§ Task instructions
What is needed is the full listing written out exactly, minus the pictures.

§ Supplied information

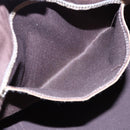 GUCCI GG Crystal Tote Bag Gold Beige 197953 Auth 85182-21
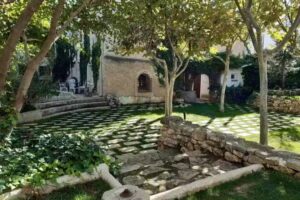 El Jardin De San Bartolome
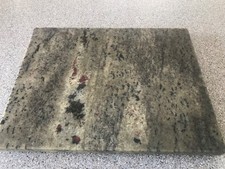 Black/Grey Natural Stone  Marble Kitchen workshop saver chopping /pastry board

§ Exercise response
 GUCCI GG Crystal Tote Bag Gold Beige 197953 Auth 85182-21
 El Jardin De San Bartolome
 Black/Grey Natural Stone  Marble Kitchen workshop saver chopping /pastry board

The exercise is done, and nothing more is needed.